US trials for Aussie smart collars

A third American university will work with Australian agricultural technology company Agersens on developing their smart collar technology

 

Ohio State University will trial the smart livestock collar system developed by Melbourne-based Agersens after the groups signed a memorandum of understanding last month.

The eShepherd smart collar is designed for cattle producers to fit to livestock, enabling them to remotely fence, muster and monitor their livestock around the clock by using mapping software and an audio cue to create virtual boundaries on specific points on a property.

This latest MoU comes on the heels of similar deals struck with the University of Idaho and Kansas State University last year, as well as an extended collaboration agreement with the CSIRO formalised last November.


It comes after the company ran trials on the collar on a demonstration farm in Queensland last year – check out our story here.


The Ohio State trial will determine the efficacy and economics of the eShepherd system for US conditions, Agersens chief executive Ian Reilly says, adding that it and other land-grant universities played a role in the US similar to that of state government agriculture departments and Research and Development Corporations in Australia.

“Farmers in Ohio understand that improved grazing control creates more productive, profitable properties and are eager to adopt technologies that enable controlled grazing without the associated time constraints and labour costs,” he says.

 “Ohio State will be seeking to add eShepherd to their kit of extension service technologies that can help farmers increase their efficiency and maximise productivity.”

“Agersens anticipates the US will be a very significant potential market for eShepherd.

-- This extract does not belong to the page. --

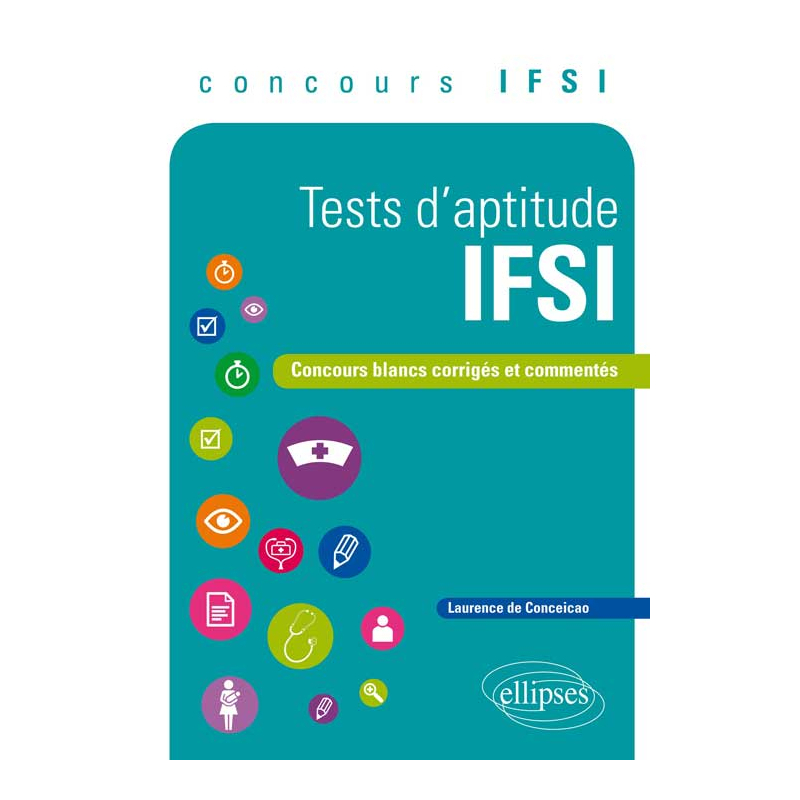 Tests d’aptitude IFSI. Concours blancs corrigés et commentés, concours IFSI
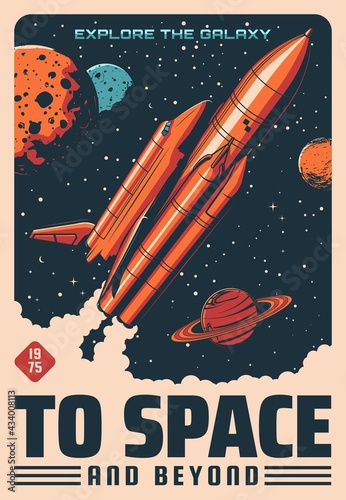Space planets and spaceship vector design of astronomy and space travel retro poster. Rocket with shuttle orbiter floating through universe galaxy, Moon, Saturn, Mars and Neptune, stars and meteors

There are potentially more than 50 million cattle in our addressable market in the US alone,” he told TradeFarmMachinery.

John Foltz, the chair of Animal Sciences at Ohio State, says he hopes to use the eShepherd technology in a number of research projects to better understand its potential as a livestock management tool.

“It appears to have some very unique capabilities and also generates large amounts of precision livestock data, which will be valuable to our research scientists,” he says.

One of those scientists is Animal Sciences associate chair Anthony Parker, who says the ability of the GPS-enabled collars to monitor and move the herd in real time appealed to him.

“The technology has many practical applications for cattle producers in Ohio from avoiding riparian, protected or overgrazed areas to moving cattle over a landscape to ensure an even grazing pressure,” he says.

“The e-Shepherd technology fits within existing research being undertaken at The Jackson Agricultural Research Station and the Eastern Agricultural Research Station with global positioning systems to better understand cattle behaviour.”